Limes are often known as “green gold” in Mexico, and for a long while, the lime industry was primarily controlled by the drug gangs in the country, even telling the farmers where and when to sell their crops and at what price. The cartel would often even take up to ten percent of the 2,000 profits per week. This went on for a while. That is, until the federal police started cracking down on the drug gangs in Mexico. Now, farmers are enjoying their profits, even during the past year’s lime shortage and price hike.

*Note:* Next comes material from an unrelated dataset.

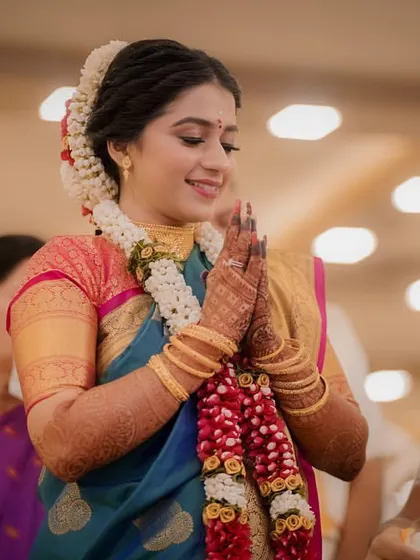 The bride, with hands joined in prayer, looks serene and beautiful during a wedding ritual.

Lime costs are now back to normal after the spike in prices this past year, with individual limes selling for 30 cents each. In some stores, however, prices of the fruit are still up around a $1.00, but they still seem to be dropping steadily. The lime panic had limes formerly selling for as high as $1.50 for each individual lime and in some cases, for over $100 for large boxes. Restaurant owners and chefs had a hard time deciding whether to shell out the cash for the citrus fruit. Drinks and foods such as Margaritas, Guacamole, and Gin and Tonic, among others all using limes, the scarcity and high prices of the fruit became an issue in many restaurants. The lime prices were particularly an problem in Mexican restaurants, which use limes in a multiplicity of food and drink items. Some restaurants decided to try to substitute other citrus fruits for limes, including lemons and grapefruits, which others opted to leave the all fruit out of the equation altogether, since there was no other citrus fruit that tasted like a lime.
Boxes of limes that were selling for 40 dollars a box are now selling for 6 dollars, which is a relief for the owners of restaurants, and also for grocery shoppers. At this time last year, cases, on average, were going for 35 dollars on average. The lime costs finally getting back to normal after the spike in prices this past year can be greatly attributed to improved weather in Mexico and to a far more successful crop of limes this Spring than the one last year.